Given information>
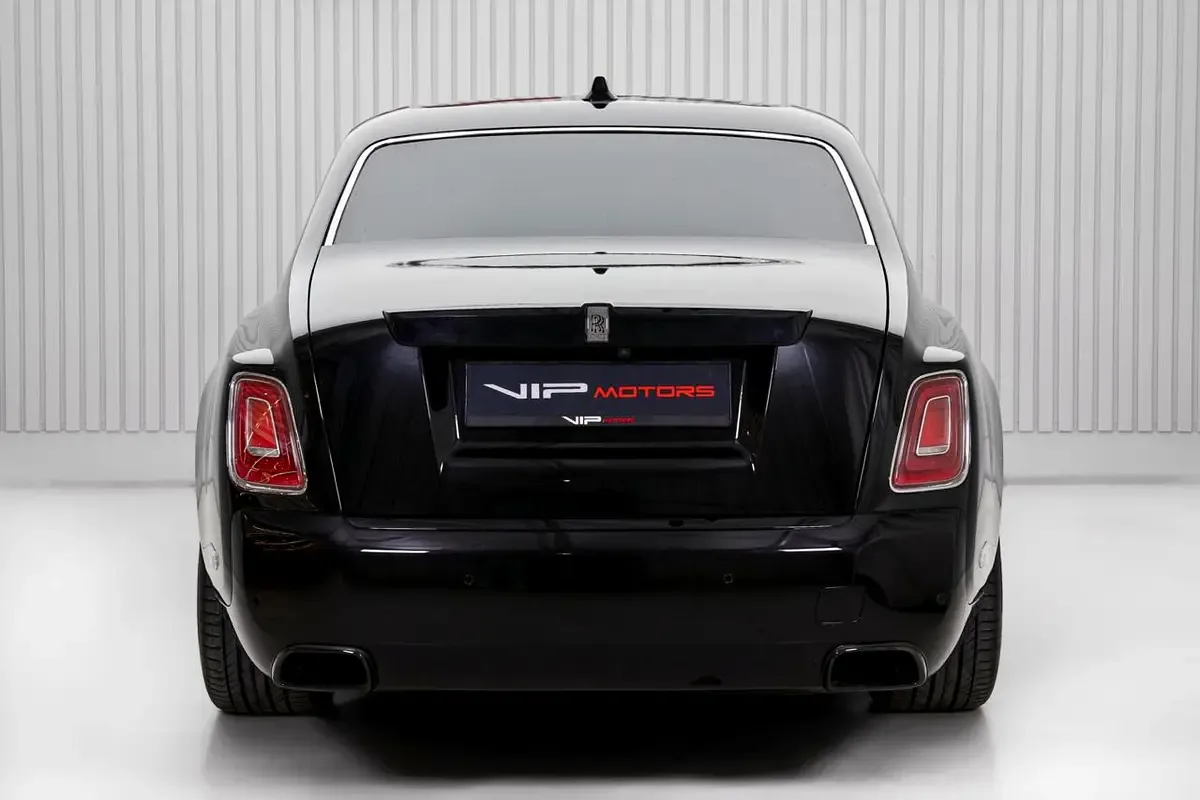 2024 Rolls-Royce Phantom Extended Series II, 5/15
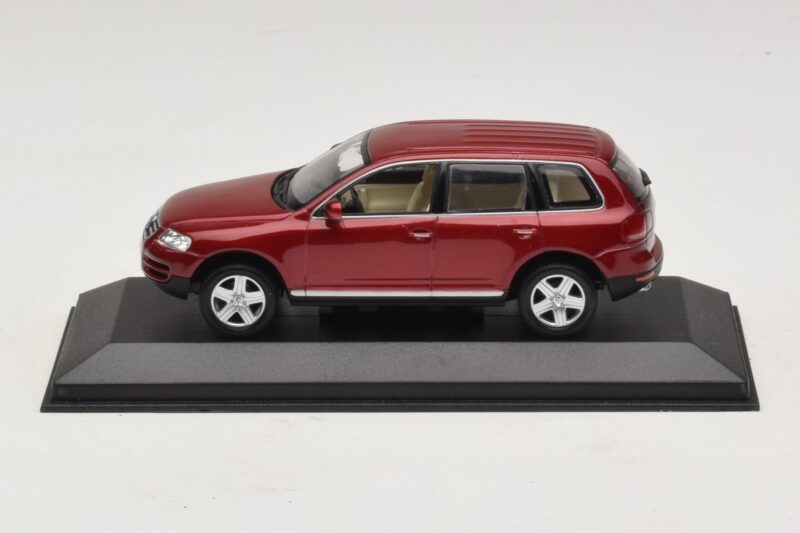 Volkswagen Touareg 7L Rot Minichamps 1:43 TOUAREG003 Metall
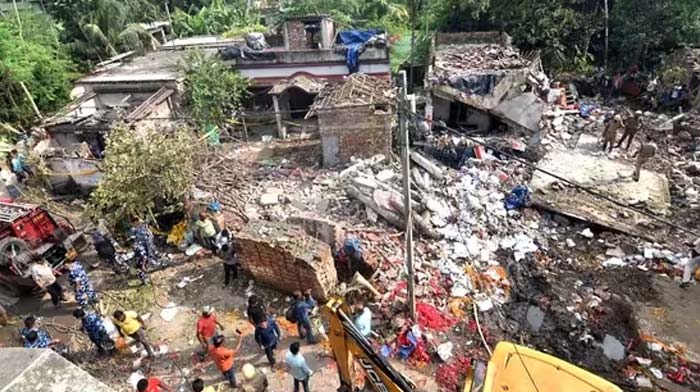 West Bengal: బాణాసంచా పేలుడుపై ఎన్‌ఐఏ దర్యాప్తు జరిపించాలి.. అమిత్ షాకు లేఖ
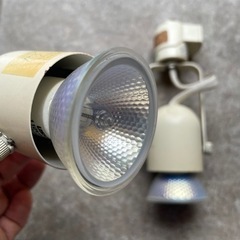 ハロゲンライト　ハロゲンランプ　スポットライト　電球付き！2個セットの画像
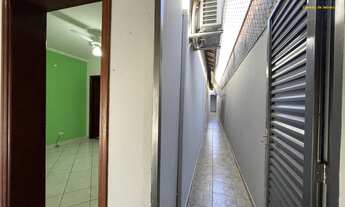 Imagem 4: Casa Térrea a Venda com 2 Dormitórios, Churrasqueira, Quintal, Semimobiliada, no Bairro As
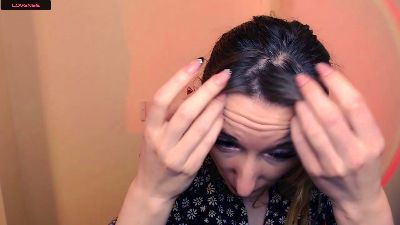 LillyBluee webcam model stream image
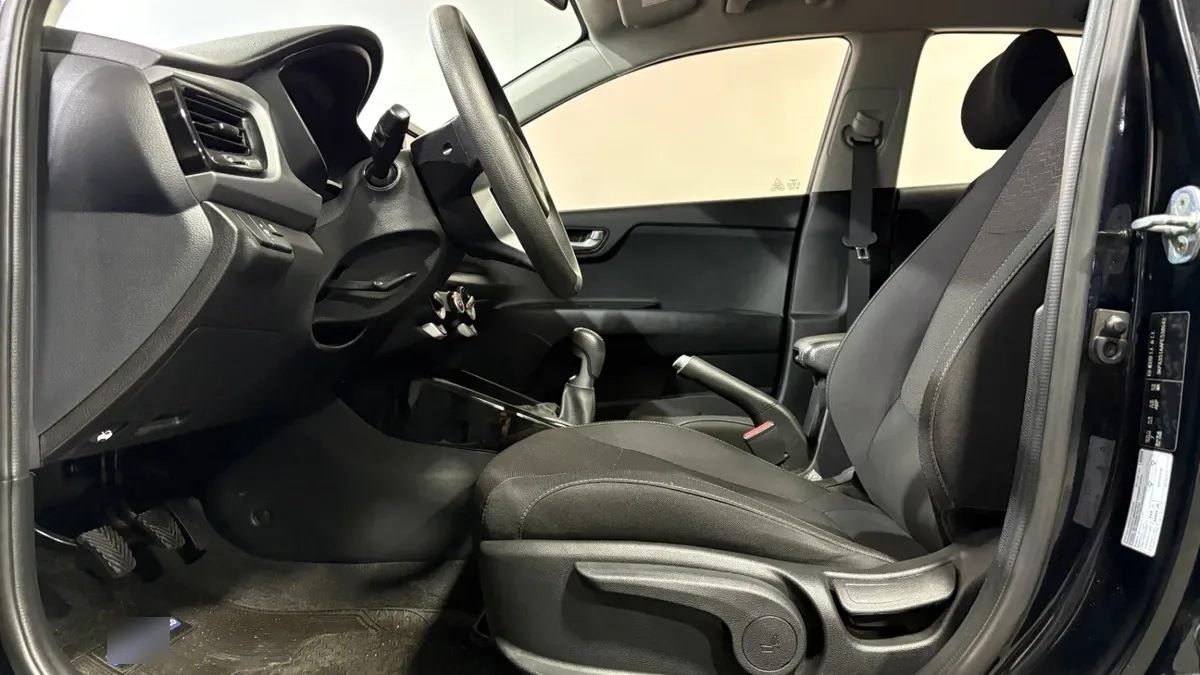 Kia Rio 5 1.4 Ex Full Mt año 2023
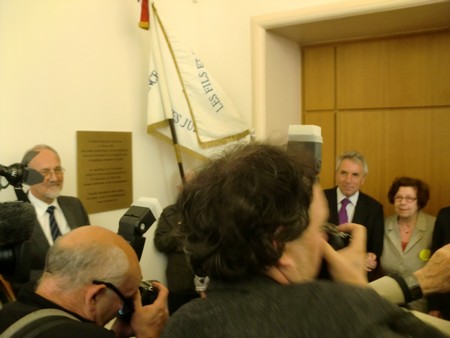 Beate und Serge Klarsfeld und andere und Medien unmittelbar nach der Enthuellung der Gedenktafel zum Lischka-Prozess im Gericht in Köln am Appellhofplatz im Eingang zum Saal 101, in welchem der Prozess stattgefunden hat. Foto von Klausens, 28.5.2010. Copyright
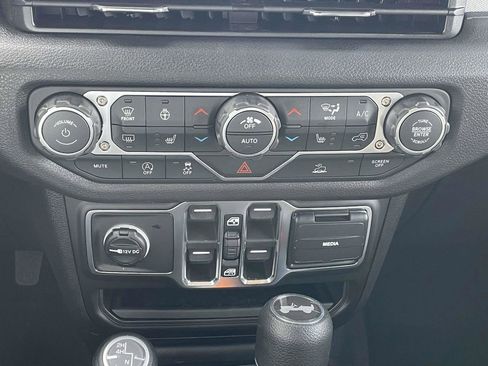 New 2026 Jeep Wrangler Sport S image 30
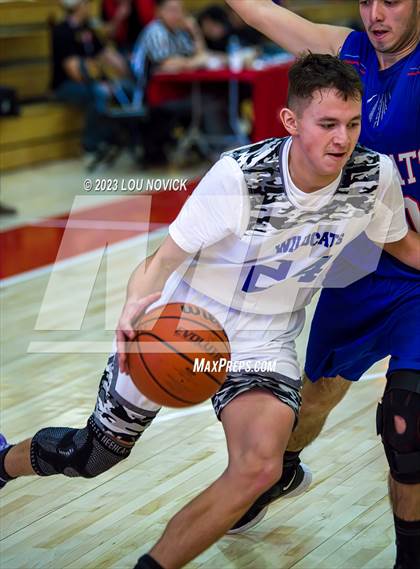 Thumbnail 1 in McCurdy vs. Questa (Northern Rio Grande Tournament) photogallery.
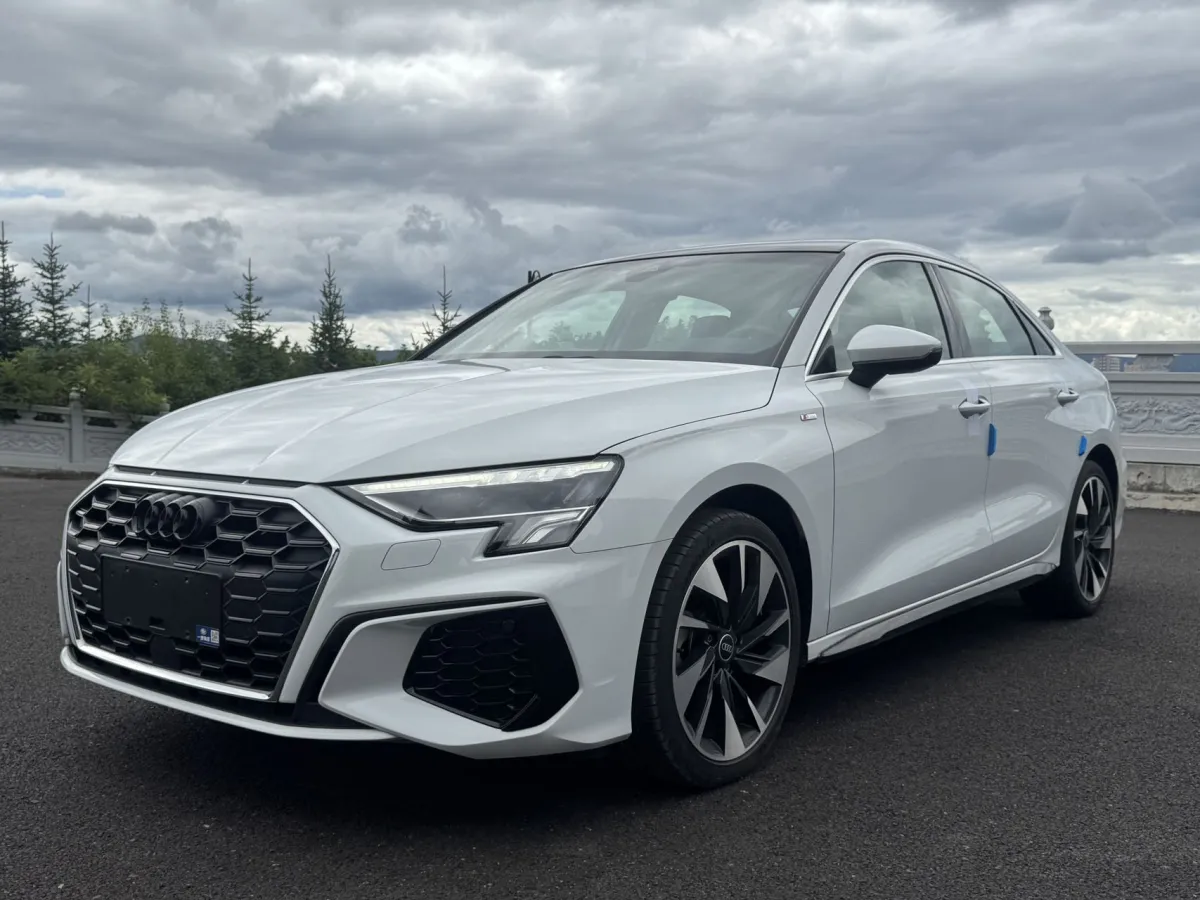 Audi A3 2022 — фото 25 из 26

What is expected> Above are the records; set down exactly the lines from the line containing "Volkswagen Touareg 7L" through their last line, leaving every picture out.

Answer box>
 Volkswagen Touareg 7L Rot Minichamps 1:43 TOUAREG003 Metall
 West Bengal: బాణాసంచా పేలుడుపై ఎన్‌ఐఏ దర్యాప్తు జరిపించాలి.. అమిత్ షాకు లేఖ
 ハロゲンライト　ハロゲンランプ　スポットライト　電球付き！2個セットの画像
 Imagem 4: Casa Térrea a Venda com 2 Dormitórios, Churrasqueira, Quintal, Semimobiliada, no Bairro As
 LillyBluee webcam model stream image
 Kia Rio 5 1.4 Ex Full Mt año 2023
 Beate und Serge Klarsfeld und andere und Medien unmittelbar nach der Enthuellung der Gedenktafel zum Lischka-Prozess im Gericht in Köln am Appellhofplatz im Eingang zum Saal 101, in welchem der Prozess stattgefunden hat. Foto von Klausens, 28.5.2010. Copyright
 New 2026 Jeep Wrangler Sport S image 30
 Thumbnail 1 in McCurdy vs. Questa (Northern Rio Grande Tournament) photogallery.
 Audi A3 2022 — фото 25 из 26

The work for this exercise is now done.